Pictures are to be left out, and the rest of the records reproduced exactly.

┌─ EXTRACTED INFORMATION

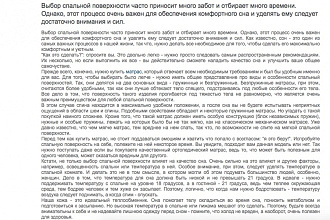 Размещение статьи со ссылками на ваш сайт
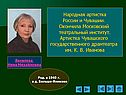 Народная артистка России и Чувашии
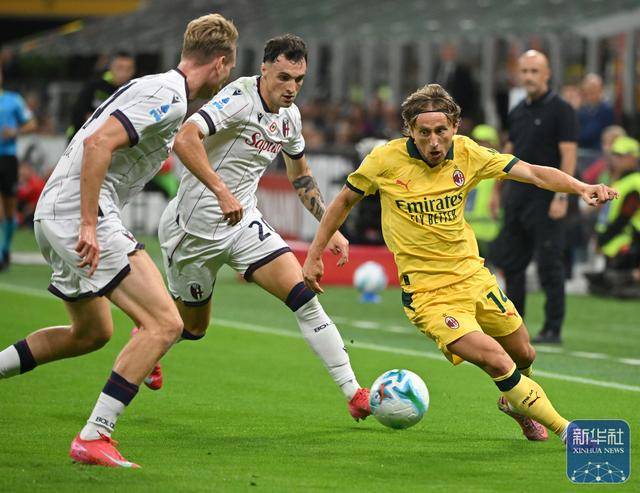 足球丨意甲：AC米兰胜博洛尼亚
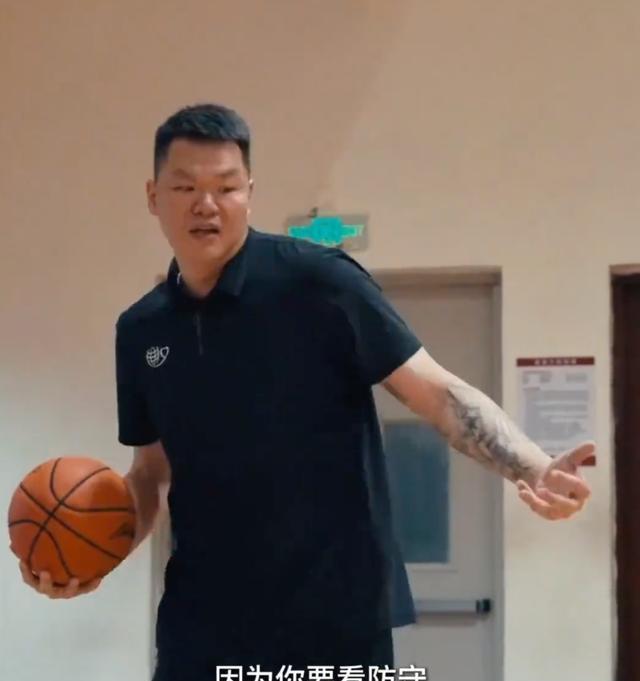 消失, 篮球生涯 消失, 篮球生涯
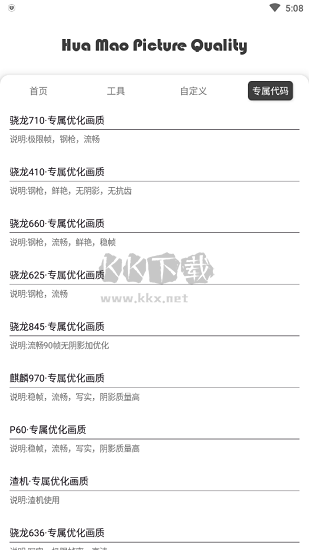 畫質助手180幀安卓版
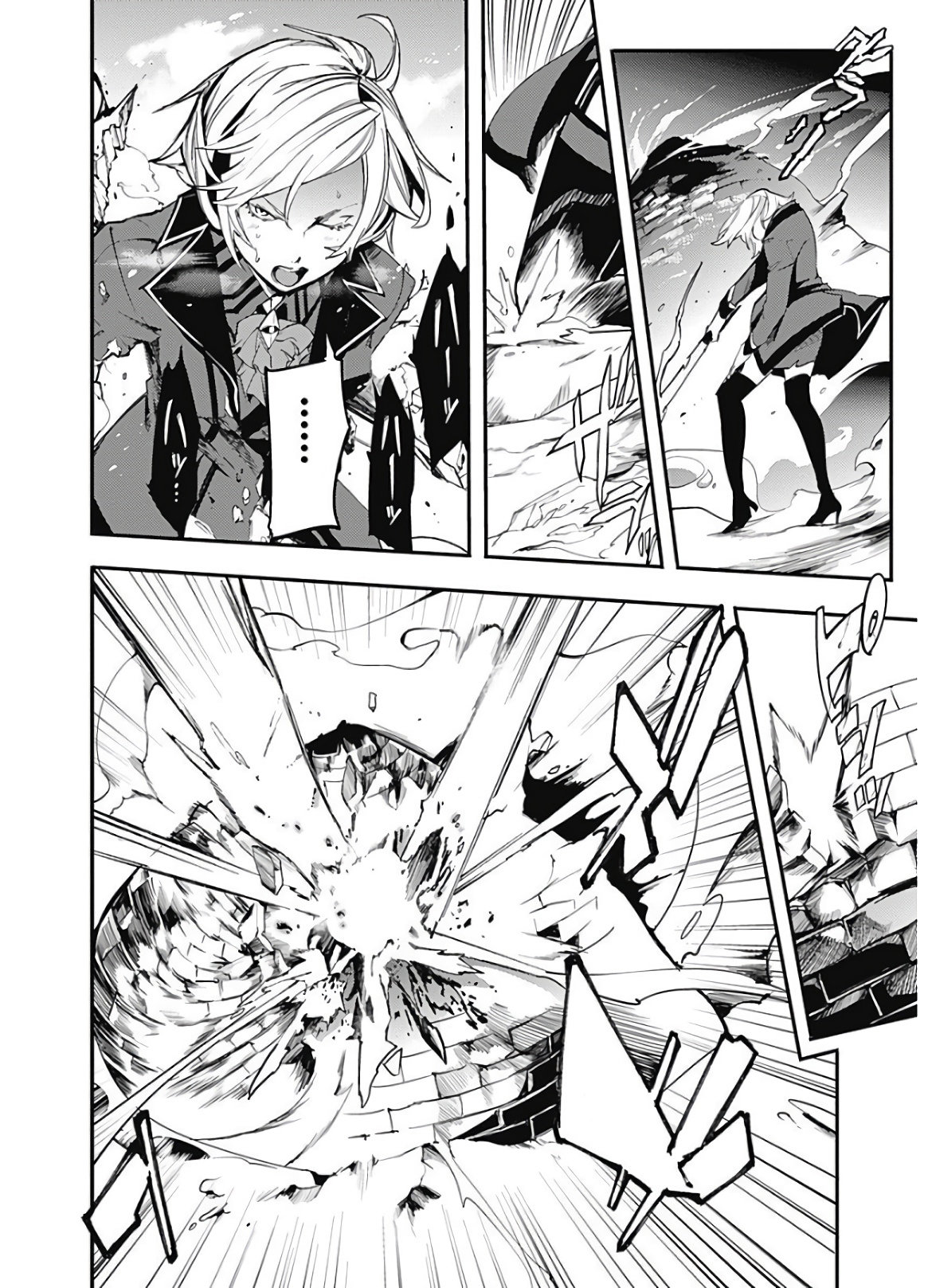 World's End Harem Fantasia Capitulo 16.2 página 28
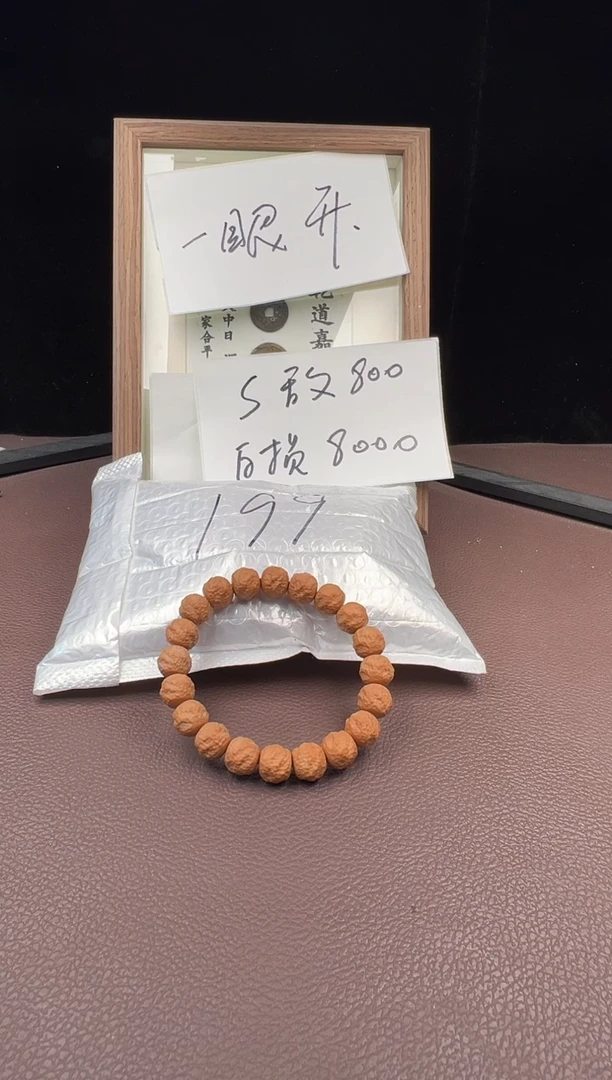 【闪购商品】猴头核桃手串卷2车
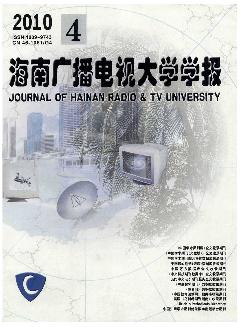 海南广播电视大学学报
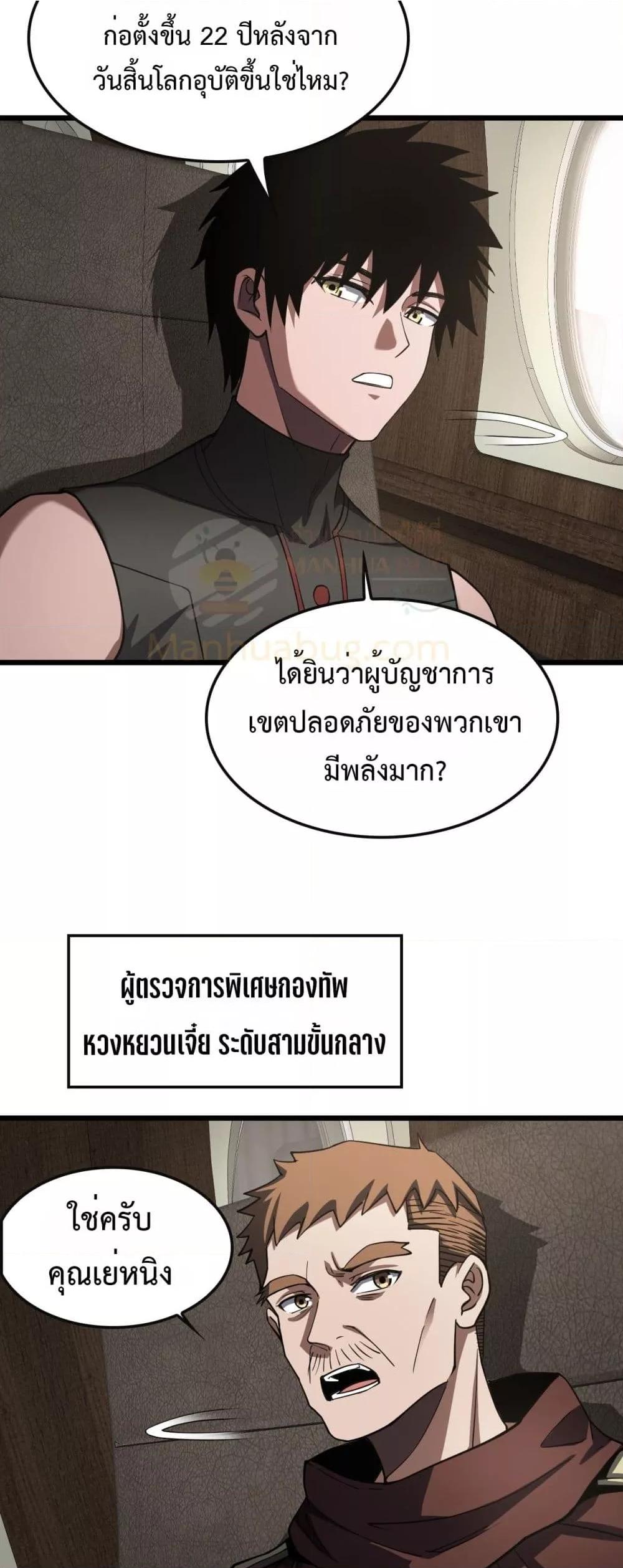 Doomsday Sword God เทพดาบวันสิ้นโลก ตอนที่ 68 หน้า 4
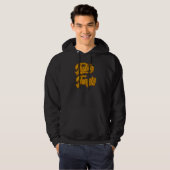 Tennis Retro Ping Pong Hoodie (Voorkant volledig)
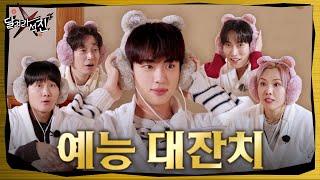 [Run Jin] EP.21 | Variety Show Extravaganza 2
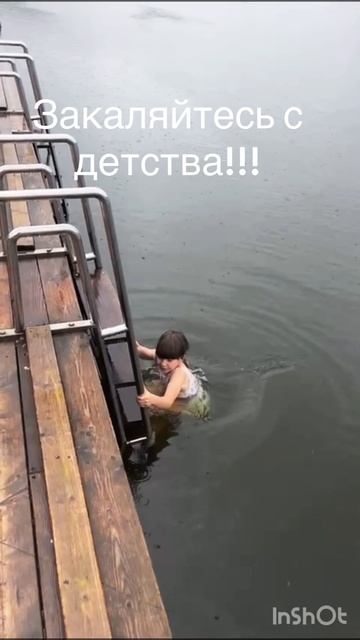 Закаляюсь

└─

RESULT OF THIS EXERCISE:
 Размещение статьи со ссылками на ваш сайт
 Народная артистка России и Чувашии
 足球丨意甲：AC米兰胜博洛尼亚
 消失, 篮球生涯 消失, 篮球生涯
 畫質助手180幀安卓版
 World's End Harem Fantasia Capitulo 16.2 página 28
 【闪购商品】猴头核桃手串卷2车
 海南广播电视大学学报
 Doomsday Sword God เทพดาบวันสิ้นโลก ตอนที่ 68 หน้า 4
 Tennis Retro Ping Pong Hoodie (Voorkant volledig)
 [Run Jin] EP.21 | Variety Show Extravaganza 2
 Закаляюсь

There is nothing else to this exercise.